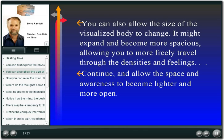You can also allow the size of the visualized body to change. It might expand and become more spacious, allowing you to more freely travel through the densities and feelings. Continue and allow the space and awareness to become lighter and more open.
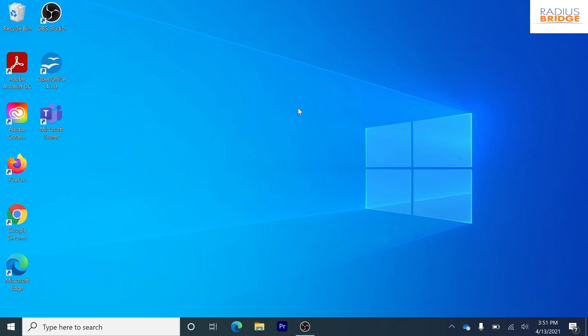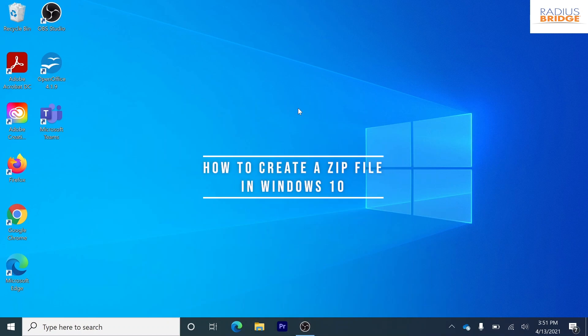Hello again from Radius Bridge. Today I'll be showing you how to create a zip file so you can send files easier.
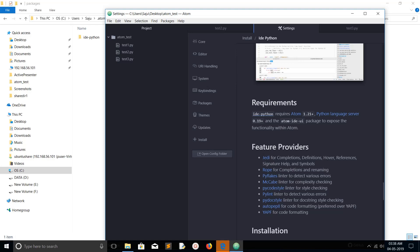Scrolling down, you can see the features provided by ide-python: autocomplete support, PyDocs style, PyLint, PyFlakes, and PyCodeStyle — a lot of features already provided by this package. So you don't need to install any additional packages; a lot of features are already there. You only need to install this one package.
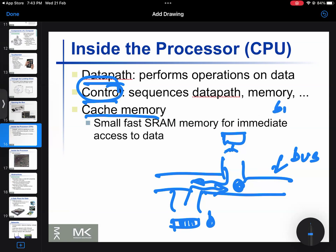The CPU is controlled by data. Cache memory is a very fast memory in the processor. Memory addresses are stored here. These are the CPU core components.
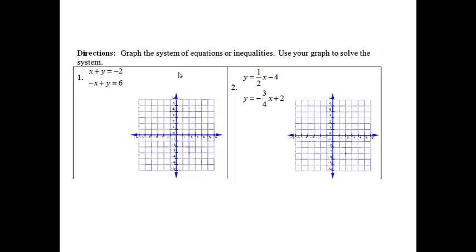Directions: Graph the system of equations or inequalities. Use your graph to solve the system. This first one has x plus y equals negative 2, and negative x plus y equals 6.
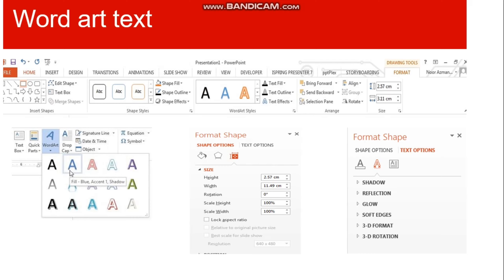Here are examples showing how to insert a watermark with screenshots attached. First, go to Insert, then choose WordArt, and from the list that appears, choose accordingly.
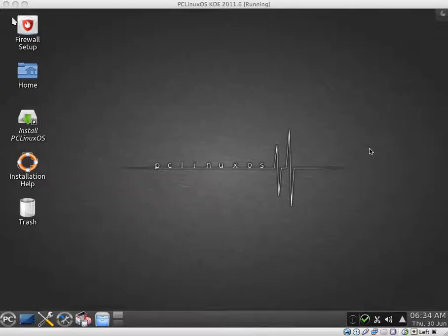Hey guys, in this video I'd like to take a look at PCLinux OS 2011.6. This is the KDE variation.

==

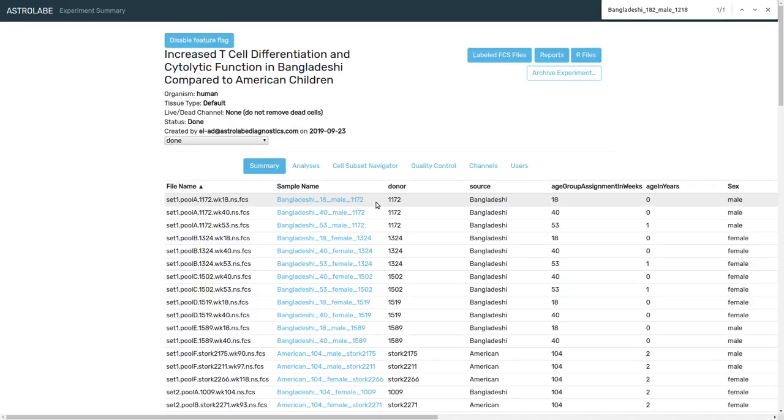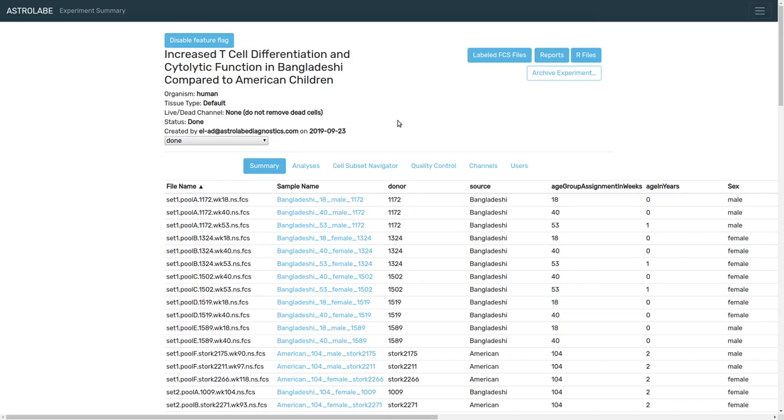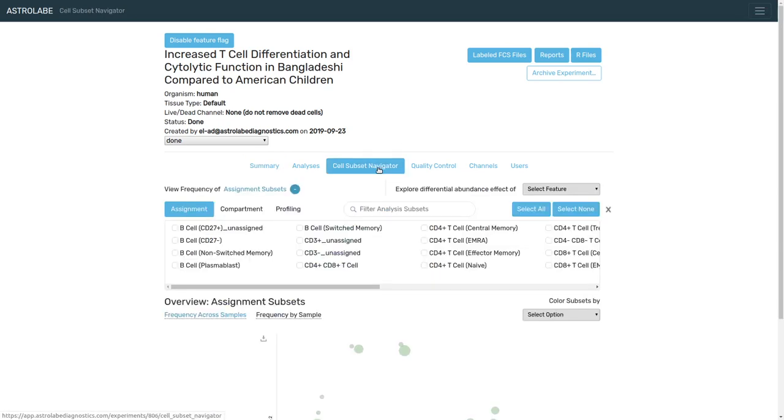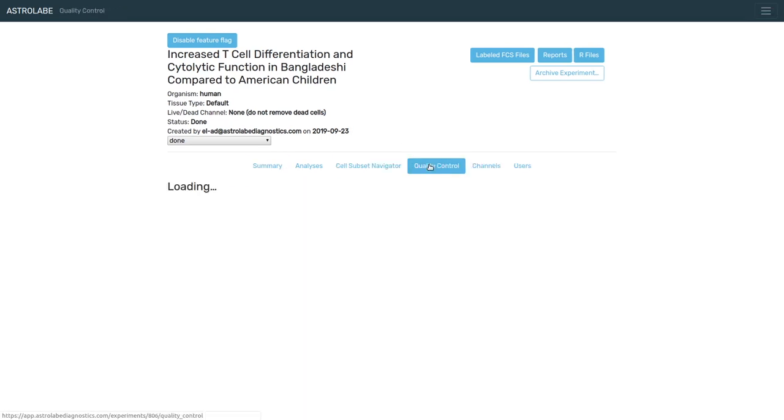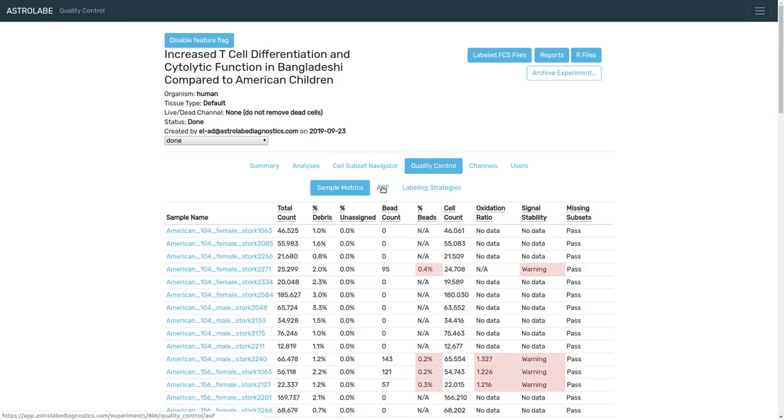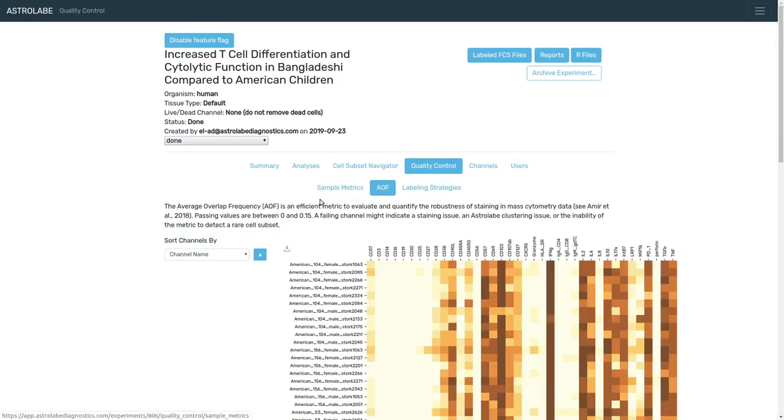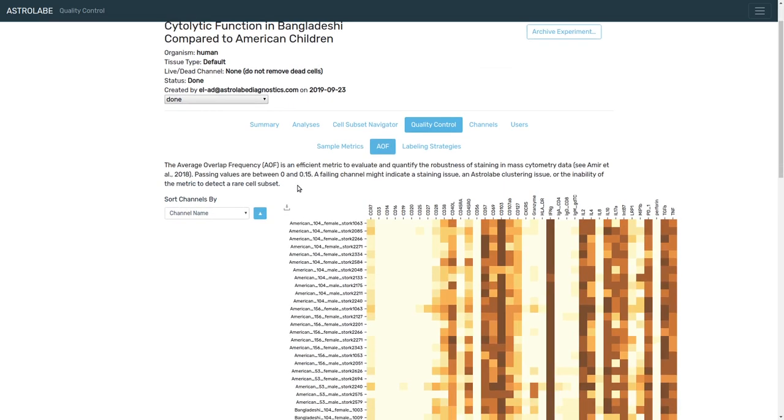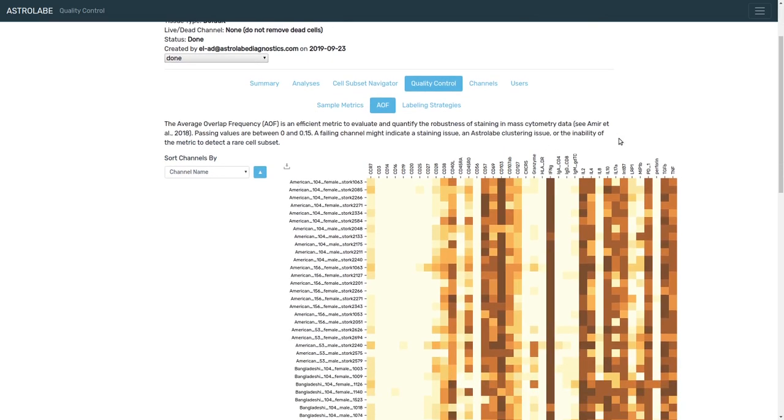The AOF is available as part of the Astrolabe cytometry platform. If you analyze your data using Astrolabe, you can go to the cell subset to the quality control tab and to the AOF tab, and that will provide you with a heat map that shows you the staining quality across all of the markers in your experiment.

* * *

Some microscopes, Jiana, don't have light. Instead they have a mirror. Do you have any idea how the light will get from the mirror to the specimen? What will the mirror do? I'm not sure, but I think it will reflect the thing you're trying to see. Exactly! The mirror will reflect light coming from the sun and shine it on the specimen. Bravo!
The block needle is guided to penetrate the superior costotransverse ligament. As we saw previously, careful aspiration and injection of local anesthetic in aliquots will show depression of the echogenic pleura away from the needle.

Exercise:
Given the listing above, retype only the span of lines from the line with "Directions: Graph the" up to and including the line with "Hey guys, in", exactly as it stands and without pictures.

Reply to the exercise:
Directions: Graph the system of equations or inequalities. Use your graph to solve the system. This first one has x plus y equals negative 2, and negative x plus y equals 6.
Here are examples showing how to insert a watermark with screenshots attached. First, go to Insert, then choose WordArt, and from the list that appears, choose accordingly.
Hey guys, in this video I'd like to take a look at PCLinux OS 2011.6. This is the KDE variation.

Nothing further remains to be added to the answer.